Anyway, Jeffery Sachs is a famous economist, who was given tenure at Harvard at 28 (a fact he is not at all embarrassed to highlight for us on about page 3). He believes, or claims to believe for the rhetorical joy of it, that poverty can be ended in our lifetime, and in this book attempts to explain how. Okay, I have to confess, I can’t tell you more about it right now, as I haven’t finished it yet. I took it camping with me, and it was all too much for me. I discovered, to my shame, that apparently I can’t live without fiction. Sweet, sweet, fiction. Which is how I ended up paying 12 euros for a piece of crap, which I did finish, in a shameful two days, which I’ll tell you about next.

ELEGY FOR EASTERLY by Petina Gappah


This collection of short stories won the Guardian First Book Award recently. One can’t help but feel proud of a Zimbabwean girl flying the flag high!
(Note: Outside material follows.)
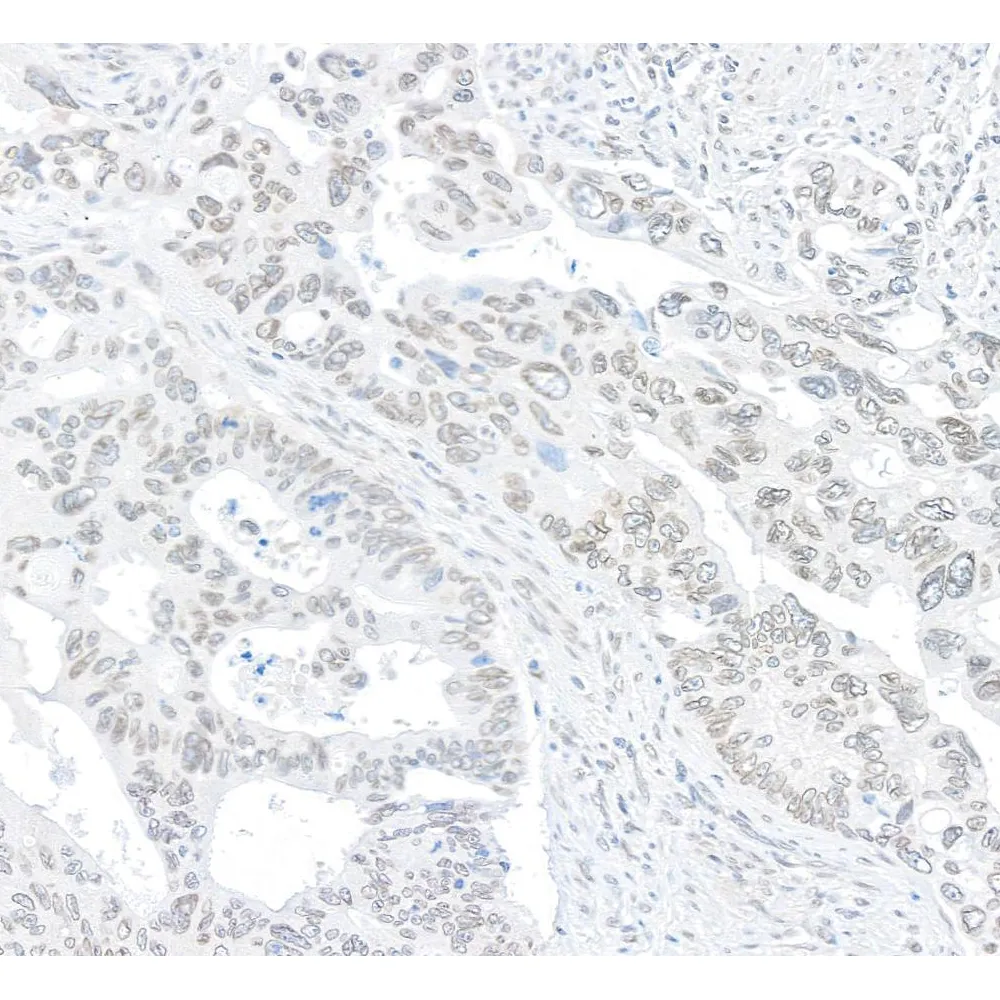 Rabbit anti-TPR Antibody, Affinity Purified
I actually read my first of her stories when it was in the Guardian in 2009. It was set in the Mabelreign OK, which was very weird, as that’s the supermarket that I grew up going to with my parents (every Saturday, without fail, same till, same packing guy, etc, etc, my parents are like that). On a side note, I’ve probably never interacted with a piece of art set specifically somewhere I know in my life before, so that was notable for me. It was a sweet and sad story about a meeting with an old teacher.
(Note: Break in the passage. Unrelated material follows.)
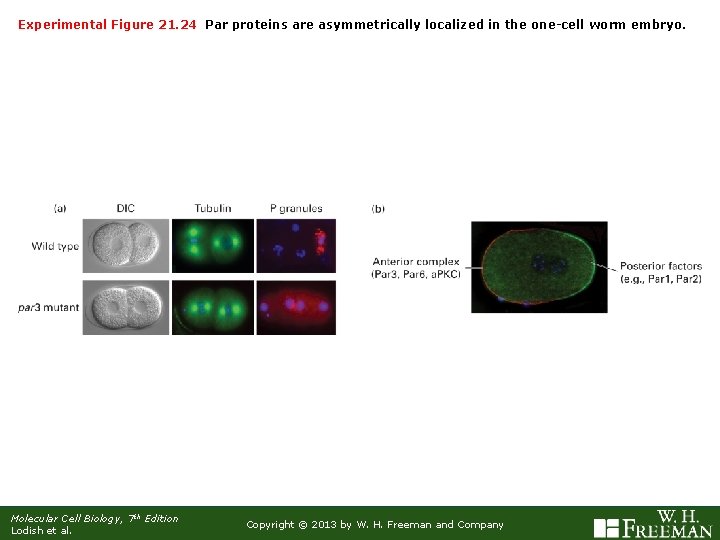 Experimental Figure 21. 24 Par proteins are asymmetrically localized in the one-cell worm embryo.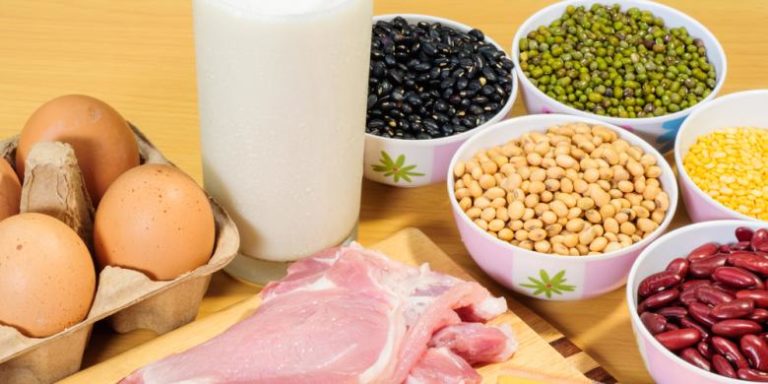makanan yang mengandung protein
I enjoyed the book itself, especially “Something Nice From London”, about trying to get a body back from the UK, and “The Annexe Shuffle” about a UZ student who was briefly interned in a mental institution. I think Ms Gappah’s at her best when she’s writing about middle class life (perhaps because that’s the world she grew up in?) and a bit more unsteady when dealing with people outside that world. The class gap in Zim is truly immense.

I also thought there was something peculiarly and charmingly Zimbabwean about her light-hearted and cheerful handling of the country’s serious problems. I was once told by a theatre’s artistic director (who shall remain nameless) that a Zim project I was working on was ‘too cheerful.’ Apparently, for some, Zimbabwean stories must always be stories of misery. English people can laugh and be silly, but we Africans are all tragic figures apparently.
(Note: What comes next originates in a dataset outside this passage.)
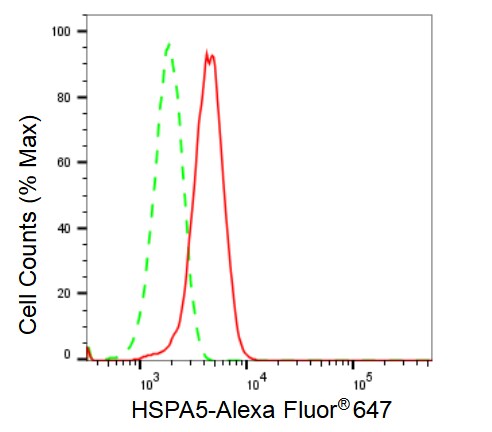 GRP78/HSPA5 Antibody (23GB2445)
What nonsense. Zim couldn’t stagger on if Zimbabweans did not have a strange ability to keep their chins up (if only to stop the water closing over their heads . . .)

Petina Gappah’s blog is great too. Here it is.

MERRY WIVES OF WINDSOR by William Shakespeare


This should maybe read “Merry Wives of Windsor” x 10,0000000. This isbecause this is the show I have been working on. It is a great show, and a very well cut version of the play. Here’s the link if you’re interested.

Now you may have thought by my absense from this blog, I had forgotten about it. Oh no. I have just been camping around Europe, which means I have had a lot of rain and mud and fun, but not very much internet access. It also means that reading material has been thin on the ground, so I have been reading some shocking crap. It’s going to be a new low in 2010’s reading, but the high moral standards of this blog forbid me to leave anything out.